Crenezumab exposure-response across Alzheimer’s Disease endpoints supports a higher dose for Phase 3
Dan Polhamus (2), James Rogers (2), Robert Paul (1), Smita Kshirsagar (1), Srikumar Sahasranaman (1), Jin Y Jin (1), Angelica L Quartino (1)
(1) Genentech, San Francisco, CA, USA (2) Metrum Research Group, Tariffville, CT, USA
Objectives: Crenezumab is an antibody to treat Alzheimer’s Disease (AD). Two Phase 2 studies in mild-to-moderate AD patients evaluated a high 15 mg/kg IV Q4W dose and a low 300 Q2W SC dose.In both Phase 2 studies, crenezumab was well-tolerated with only one case of ARIA-E across both studies. The aim of this analysis was to characterize the exposure-response of Crenezumab to support the Phase 3 dose
Methods: A disease progression model for mild to moderate AD was established that described the longitudinal changes of the clinical endpoints ADAS-Cog and CDR sum-of-boxes (CDR-SB) simultaneously for patients in the Phase 2 studies. The model was extended to describe the effect of covariates on disease progression, and the effect of crenezumab on each endpoint. Clinical trial simulations (CTS) of the Phase 3 study across a range of doses were done, to compute the likelihood of achieving a percent relative reduction of disease progression in treated patients compared to placebo for ADAS-Cog and CDR-SB.
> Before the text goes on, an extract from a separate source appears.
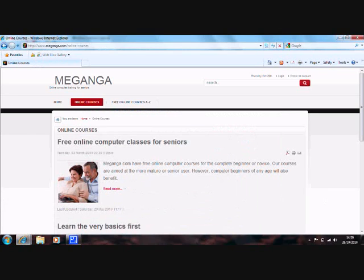Free online computer classes for seniors. Meganga.com have free online computer courses for the complete beginner or novice. Our courses are aimed at the more mature or senior user, however computer beginners of any age will also benefit.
Results: Model validation demonstrated that the model replicated the Phase 2 longitudinal data accurately and is fit for purpose for simulation. The analysis showed faster disease progression in patients with moderate AD disease (lower baseline MMSE), ApoE4 positive genotype, female gender, and younger age. A relationship was seen between crenezumab exposure and treatment effect, which appeared to asymptote at the higher end of the range of exposures measured in Phase 2. Crenezumab treatment effect was associated with high baseline MMSE and ApoE4 positive genotype supporting better treatment effect in patients with mild AD. Compared to 15 mg/kg Q4W dose, a 4-fold increase to 60 mg/kg Q4W dose in Phase 3 is predicted to achieve a 41% greater relative reduction on ADAS-Cog, and 44% on the CDR-SB in the mild AD population.
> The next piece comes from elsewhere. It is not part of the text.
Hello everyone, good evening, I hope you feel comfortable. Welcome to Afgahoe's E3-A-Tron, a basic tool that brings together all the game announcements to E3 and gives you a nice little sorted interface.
Conclusions: A 60 mg/kg Q4W dose was selected for Phase 3 (NCT02353598), supported by a drug-disease model for mild to moderate AD. The model adequately summarized longitudinal progression in ADAS-Cog and CDR items, preserving correlation between the endpoints. CTS suggest substantially increased efficacy at higher exposures in patients with mild AD. As the model was trained on Phase 2 dosing, uncertainty in the predicted efficacy increases with increasing exposure where exposure falls outside that observed in Phase 2.